A U.S. college student released from North Korea in a coma after 17 months of detention died Monday, his family said, blaming the "awful torturous mistreatment our son received at the hands of the North Koreans."

Otto Warmbier, a 22-year-old University of Virginia student, died at 2:20 p.m., the family said.

"Unfortunately, the awful torturous mistreatment our son received at the hands of the North Koreans ensured that no other outcome was possible beyond the sad one we experienced today," the family said in a statement.

"When Otto returned to Cincinnati late on June 13, he was unable to speak, unable to see and unable to react to verbal commands. He looked very uncomfortable -- almost anguished. Although we would never hear his voice again, within a day the countenance of his face changed -- he was at peace. He was home, and we believe he could sense that," the statement said.

U.S. President Donald Trump condemned North Korea's "brutality."

"Otto's fate deepens my administration's determination to prevent such tragedies from befalling innocent people at the hands of regimes that do not respect the rule of law or basic human decency," Trump said. "The United States once again condemns the brutality of the North Korean regime as we mourn its latest victim."

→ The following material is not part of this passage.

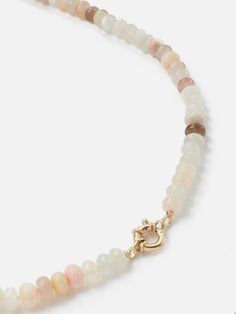 The Encirkled Cashmere Ombre Gemstone Necklace is perfect for everyday and includes a 14k yellow gold spring ring clasp that is perfect for holding your favorite charms. Assorted 8mm gemstones that may include agate, aventurine, chocolate moonstone, peach moonstone, Peruvian opal, rainbow moonstone, rutilated quartz, rose quartz, selenite, and strawberry quartz Gemstone card comes with each necklace with list of included gemstones 12mm 14k yellow gold spring ring clasp Each piece is unique and m Single Strand Agate Jewelry Gift, Single Strand Agate Round Necklace, Everyday Jewelry With Oval Natural Stones, Single Strand Round Agate Necklace, Everyday Oval Jewelry With Natural Stones, Sunstone Jewelry With Round Natural Stones, Everyday Oval Natural Stone Jewelry, Yellow Gold Jewelry With Gemstone Round Beads, Elegant Sunstone Jewelry, Round Shape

Following Warmbier's release last week, Trump said a "truly terrible thing" happened to Warmbier.

Warmbier was arrested in the North in January last year for stealing a political propaganda sign from a hotel and was later sentenced to 15 years of hard labor. He was released last week, but in a coma. North Korean officials claimed Warmbier fell into a coma in March last year due to botulism and a sleeping pill.

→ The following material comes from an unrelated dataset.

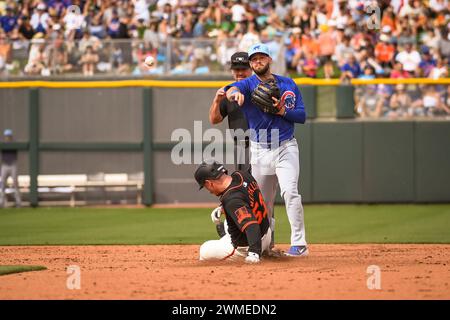 Chicago Cubs second baseman David Bone (13) turns a double play in the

Doctors said Warmbier had severe brain damage.

"It would be easy at a moment like this to focus on all that we lost -- future time that won't be spent with a warm, engaging, brilliant young man whose curiosity and enthusiasm for life knew no bounds. But we choose to focus on the time we were given to be with this remarkable person," the family said.

His death is expected to further exacerbate the already tense relations between the U.S. and the North. U.S. media, including the Washington Post, have called for stronger sanctions on Pyongyang after Warmbier's comatose release.

Earlier in the day, Acting Assistant Secretary of State Susan Thornton was asked during a briefing on the upcoming high-level security talks with China if the U.S. is considering any retaliatory action against the North for mistreating Warmbier, but she avoided a direct answer.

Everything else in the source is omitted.